The Sunday Post asked Scotland’s 32 councils to tell us how many times offenders could not carry out a CPO due to council staff shortages.

Ten said they didn’t record this information, a further 10 said it had not happened at all while one refused to provide the data due to cost.

The remaining 11 councils provided figures that show offenders were unable to undertake community service 1,445 times last year due to council staff shortages.

That was down slightly on the 1,497 occasions in 2012/13 but still far higher than the 1,051 times it happened in 2011/12.

Tory justice spokeswoman Margaret Mitchell said: “This confirms what we always feared that too many of these sentences are being passed at the expense of jail terms. There’s nothing wrong with a community sentence and it’s often the best alternative to custody in certain situations.

“But now we’re seeing courts being too dependent on them and that’s not being matched by the resources on offer to cope.

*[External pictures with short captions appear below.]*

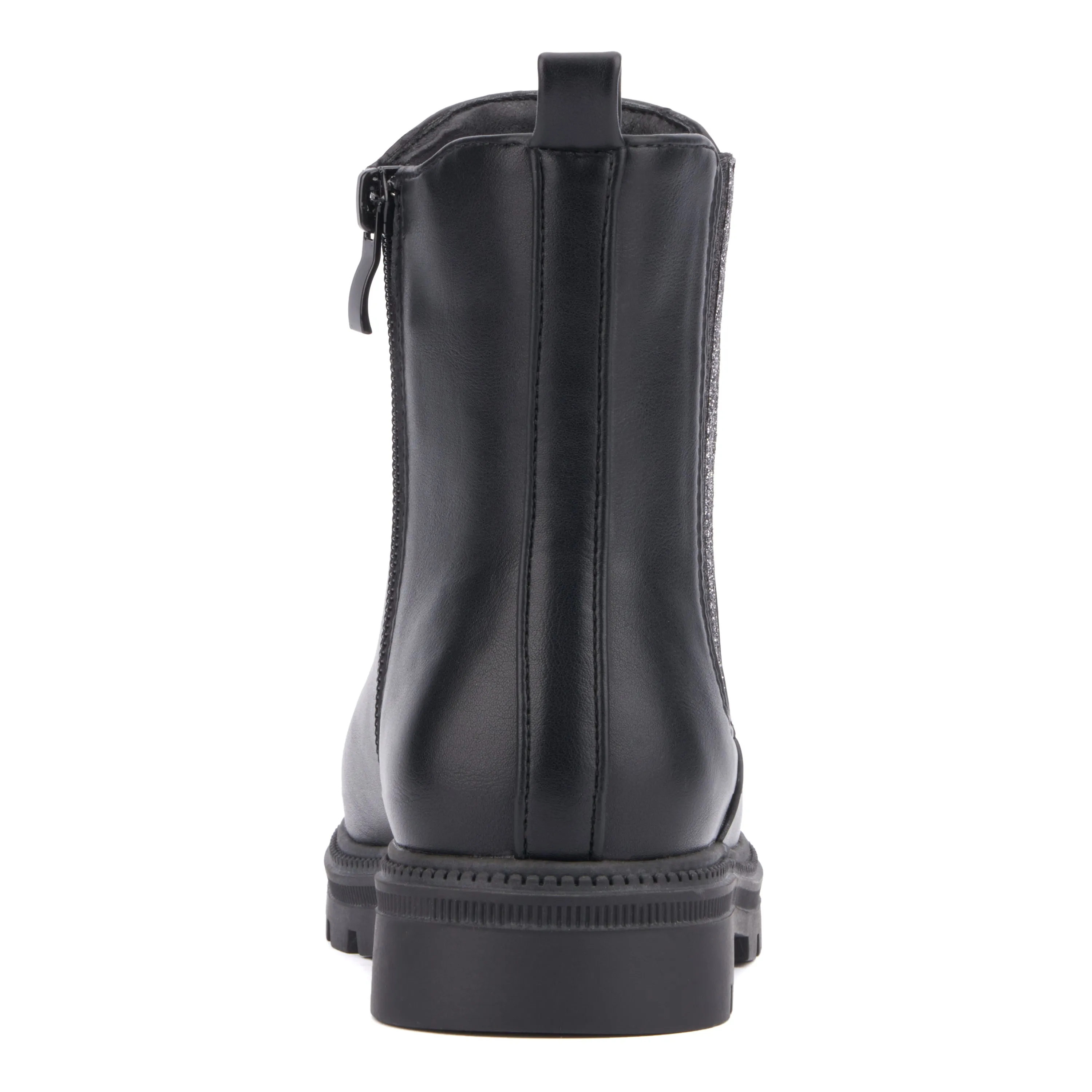 Girl's Half Moon Combat Boot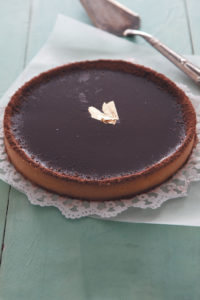 quick and easy chocolate tart 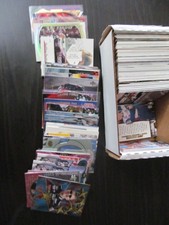 Jeff Burton 259 card lot with 89 inserts NASCAR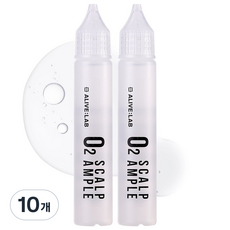 얼라이브랩 오투 스칼프 앰플, 10개, 25ml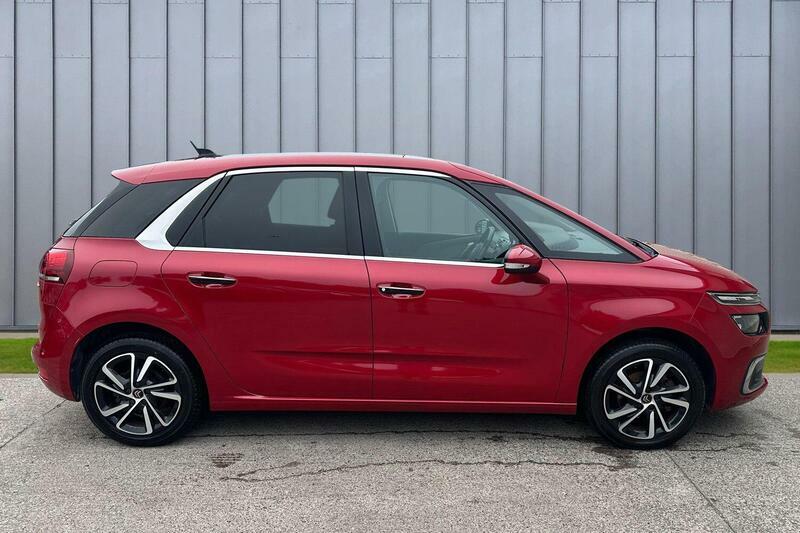 Citroen C4 Picasso Flair Blue #8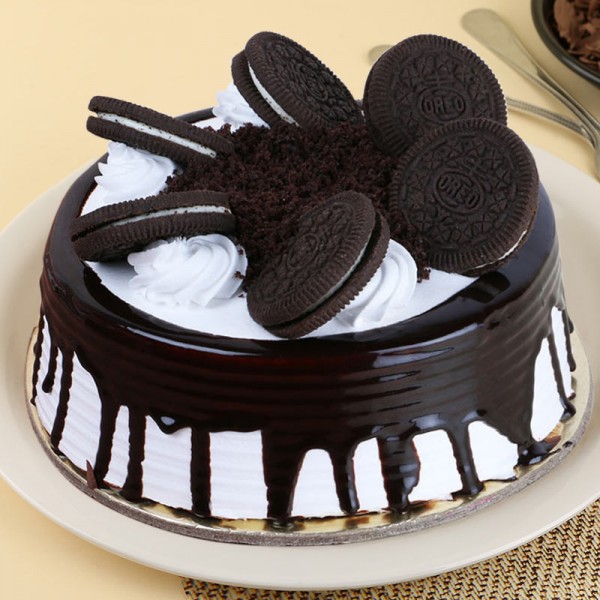 Oreo Chocolate Cake - 500 GM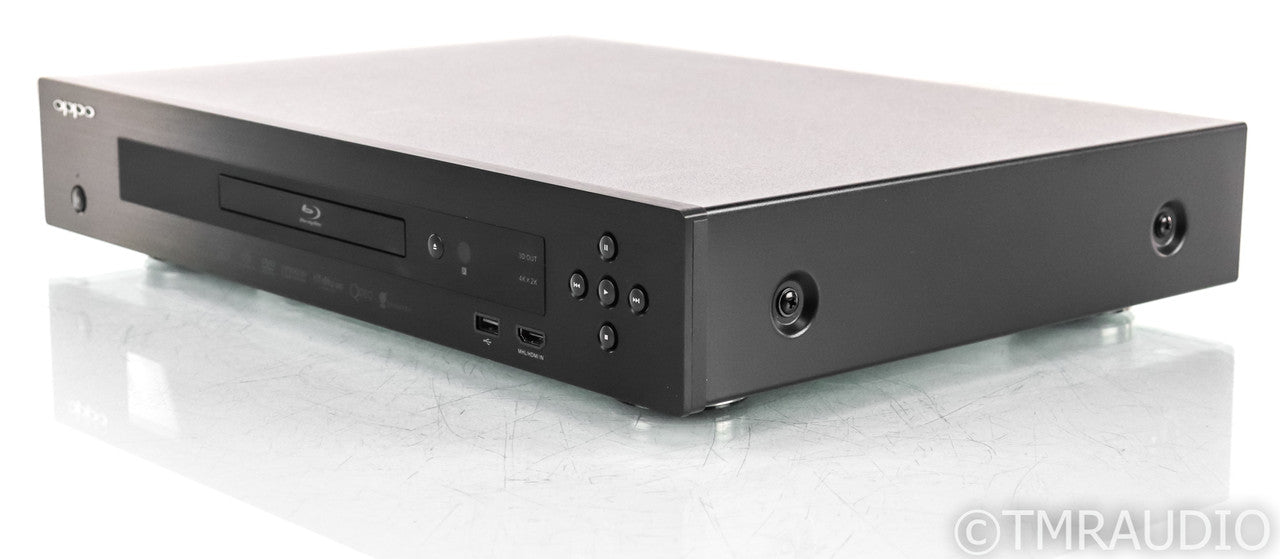 Oppo BDP-103 Universal Blu-Ray Player; BDP103 (No Remote) (1/0)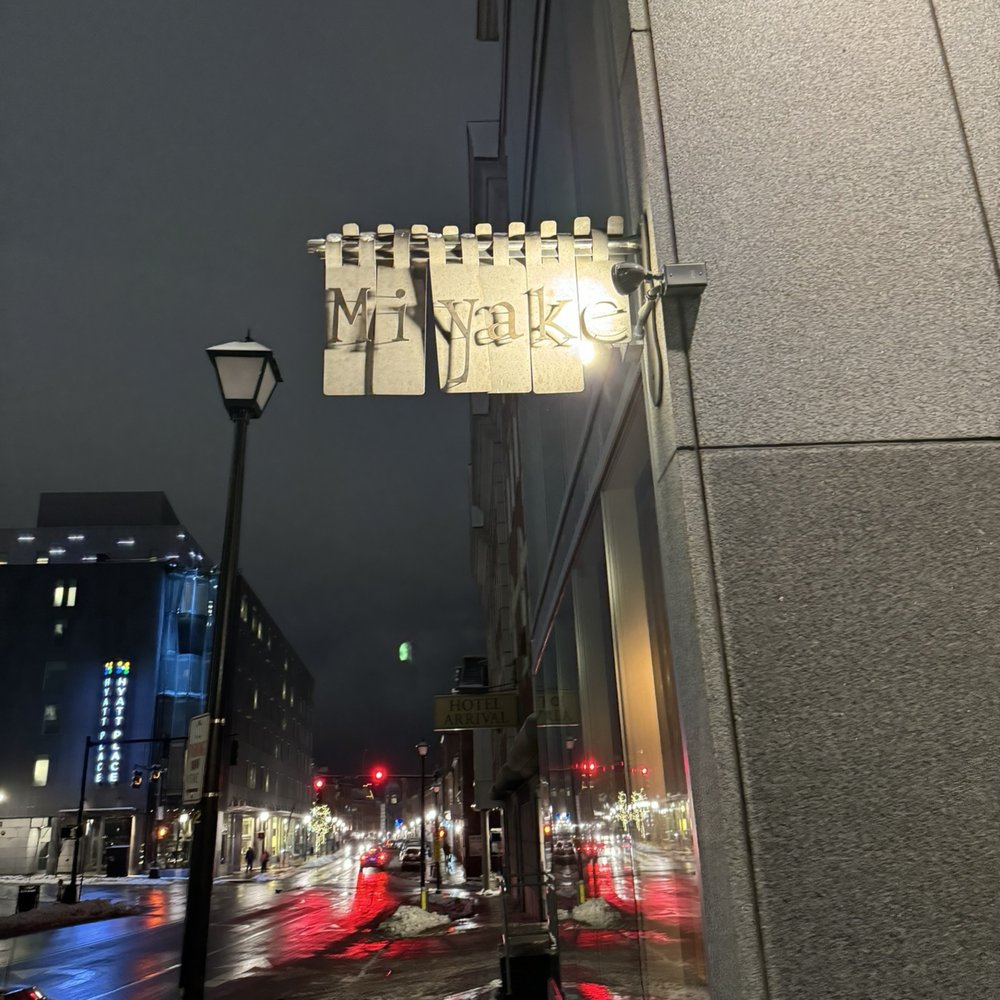Outside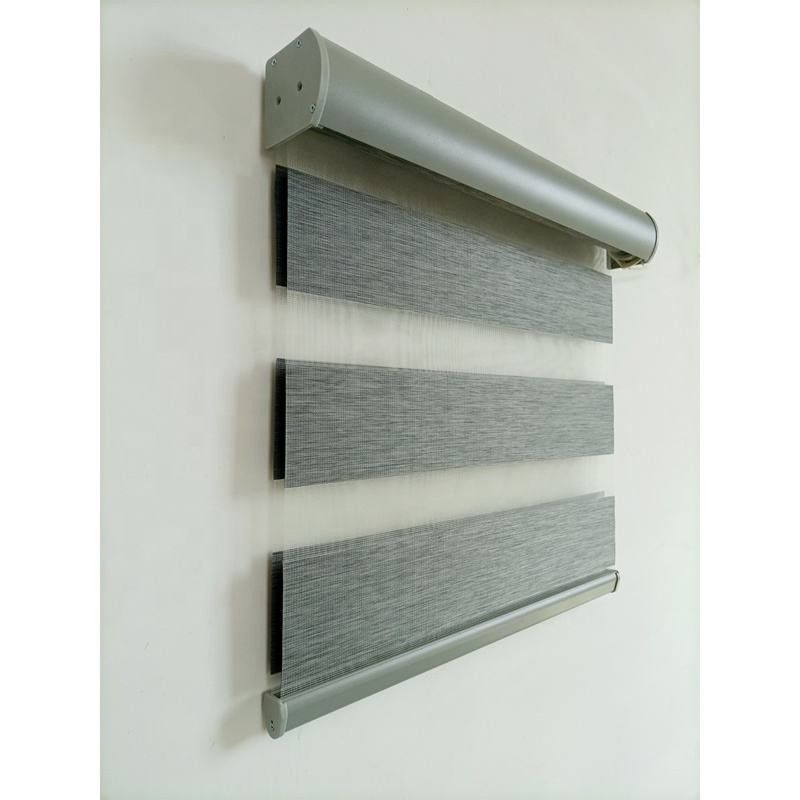 A cortina sem corda da prova UV cega dia e noite o peso leve das cortinas de janela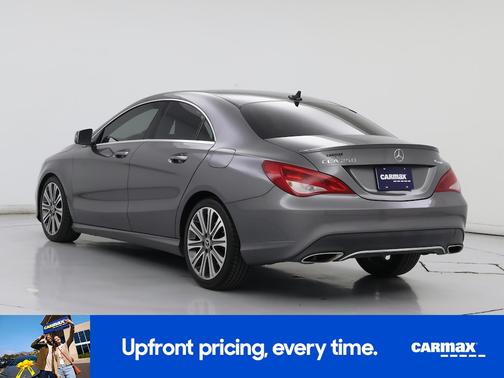 2018 Mercedes-Benz CLA 250 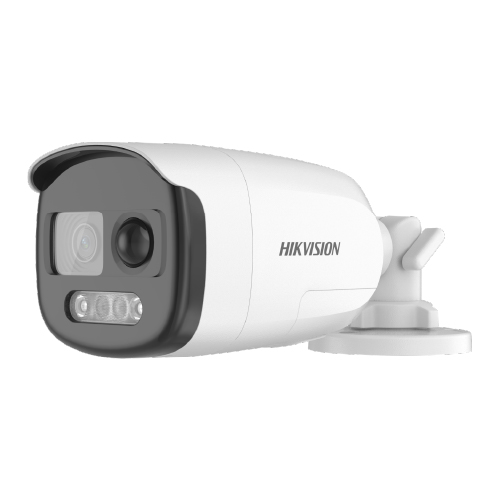 CAMARA BULLET COLORVU 2MPX, PVC, LENTE 2.8MM LED 40M, DETECTOR PIR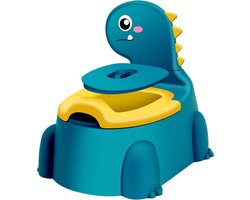 DiverseGoods Kinderpotje - Potjestraining met Dinosaurus Thema, Comfortabel en Lekvrij, Inclusief Handige Functies voor Kleine Ontdekkingsreizigers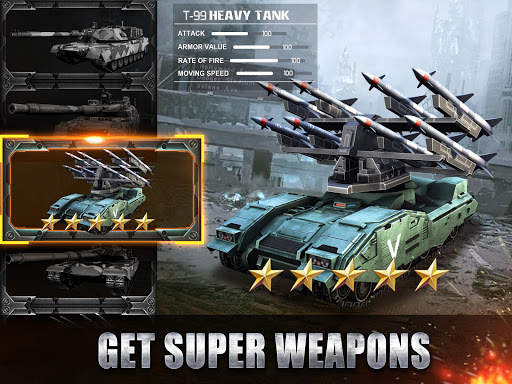 Tank Strike - battle online screenshot 2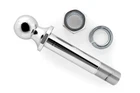 Camco Hitch Ball Chrome Rated 6000 2" X 1-1/4" 6-5/8" 48759 New. Price: $68.77.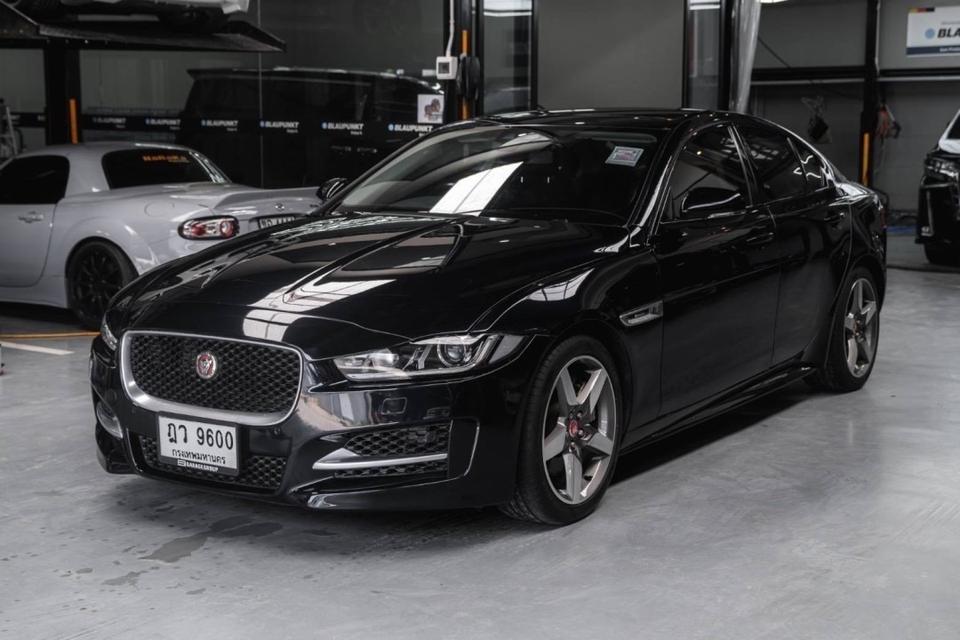 รหัส 67GG9600 #Jaguar #XE R-Sport ปี16 เครื่องเบนซิน option เต็ม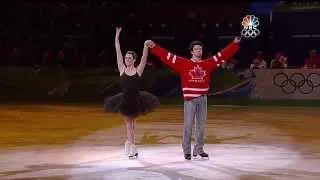 Tessa Virtue & Scott Moir - 2010 Vancouver Olympics Gala - "Everybody Dance Now" [HD]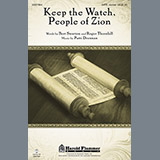 Download Patti Drennan Keep The Watch, People Of Zion sheet music and printable PDF music notes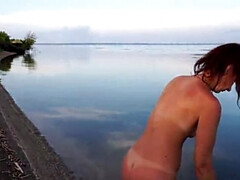 Strand, Geile alte tussi, Erotisch, Hd, Milf, Mutti, Russisch, Dürr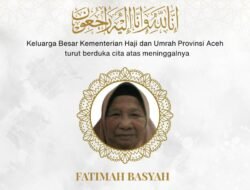 Jemaah Haji Aceh Jaya Wafat di Tanah Suci
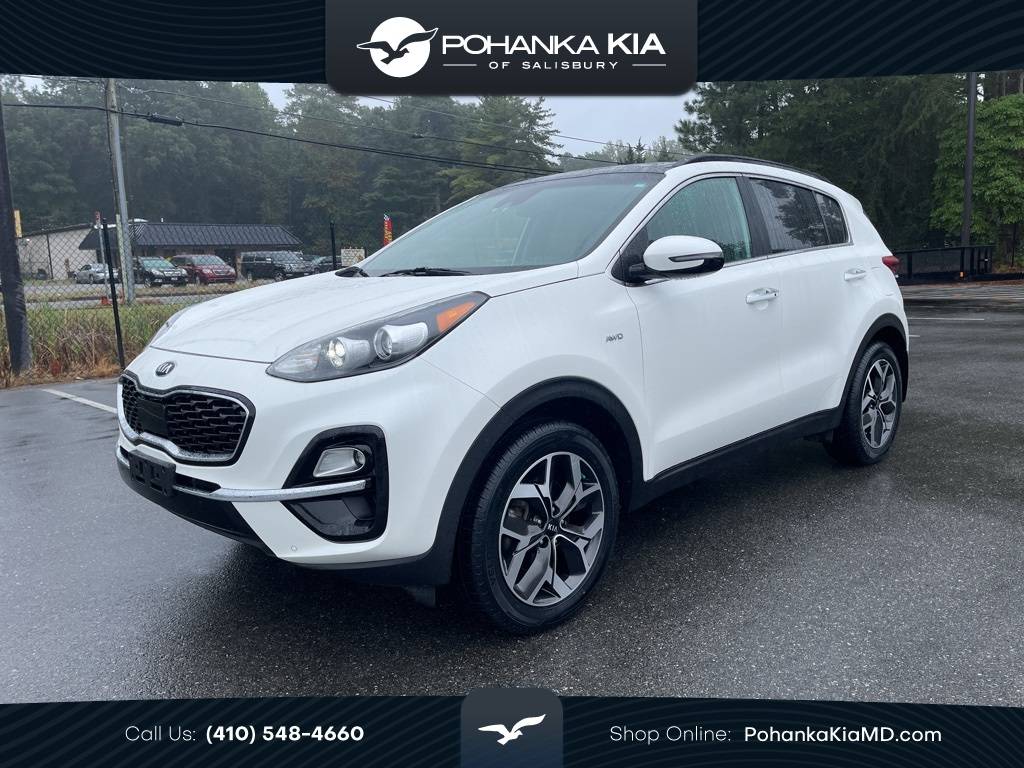 2022 Kia Sportage EX — SUV — 51,081 mi — Salisbury, MD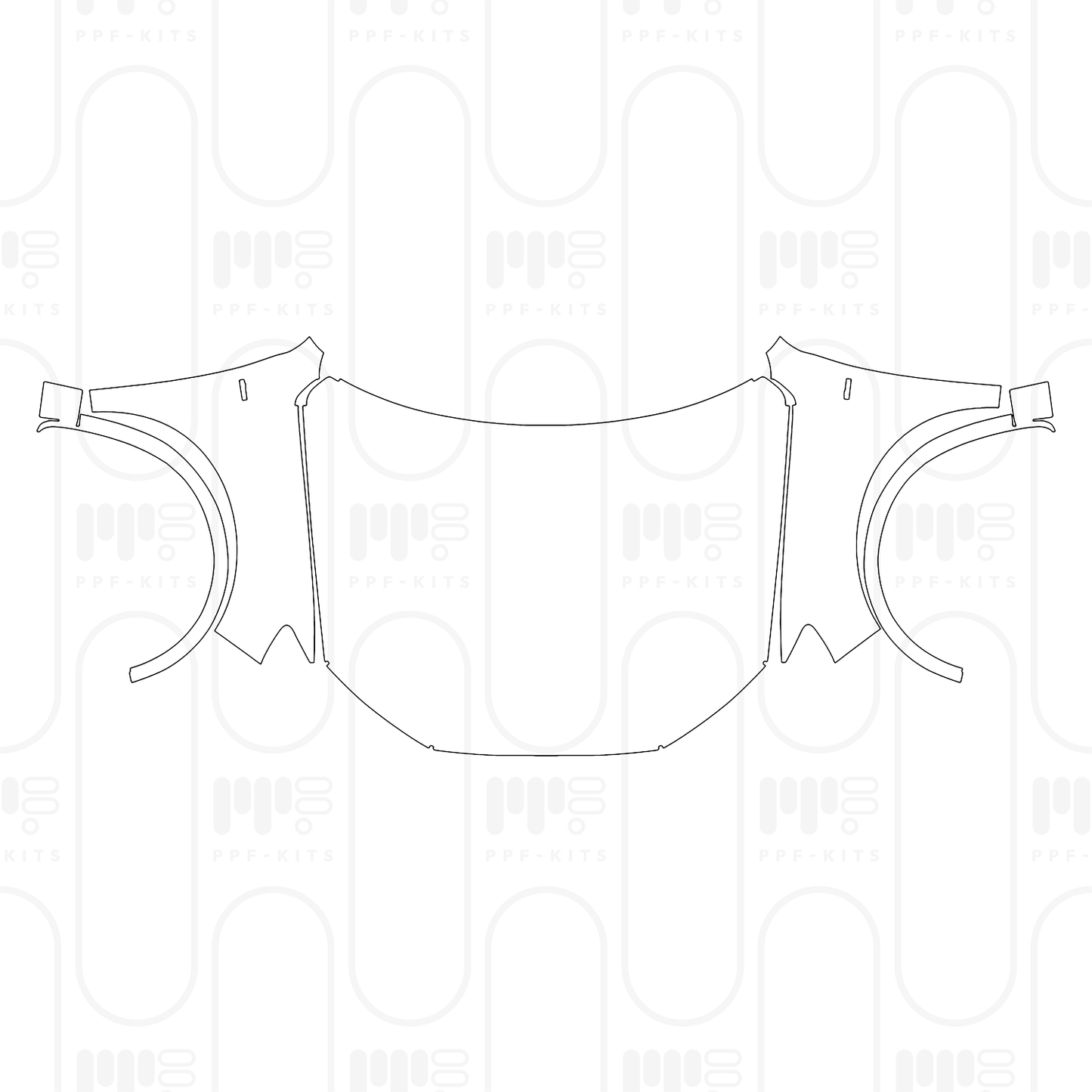 PPF prédécoupé Audi Q7 S-line 2024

“If these individuals are being literally turned away from community service, you have to ask when they’re ever going to serve the sentence handed down.

“The SNP needs to get its priorities right and make sure that when a criminal deserves to go to jail, that’s where they end up.”

Some 30 councils also provided data on how many hours of unpaid work were carried out by offenders in the last three years. The total hours had risen from 1.41 million in 2011/12 to 1.55m in 2012/13 and 1.64m in 2013/14.

It means the amount of unpaid work councils are having to supervise has increased by 16% in three years. Over the same period only 13 councils have recruited extra supervisors.

Two said staff numbers had fallen while the remaining 17 said they’d stayed the same.

The situation has been blasted by Sheriff James Spy who sits in Paisley Sheriff Court. He hit out after a solicitor representing convicted thug John Cooley, 31, said his client had been turned away from a CPO five times due to council staff shortages.

A spokesman pressure group the Taxpayers’ Alliance said: “Councils need to ensure they’ve got staff on-site to ensure sentences are carried out properly.”

A spokesman for Cosla, the umbrella body for councils, said: “Councils have no control over the number of Community Payback Orders served and have to work with the money the Scottish Government provides to fulfil whatever comes their way.

“That said, Scotland’s councils are committed to unpaid work sentences and Cosla sees unpaid work such as CPOs as key to our efforts to reduce re-offending.”

A spokesperson for the Scottish Government said: “For 2014 -15, we have protected the overall community justice budget, including funding for community sentences. This includes flexibility for them to allocate funding on the basis of local needs.

“We are also working with community justice authorities and local authorities to better determine the cost of delivering community justice services and this will help inform future funding arrangements.”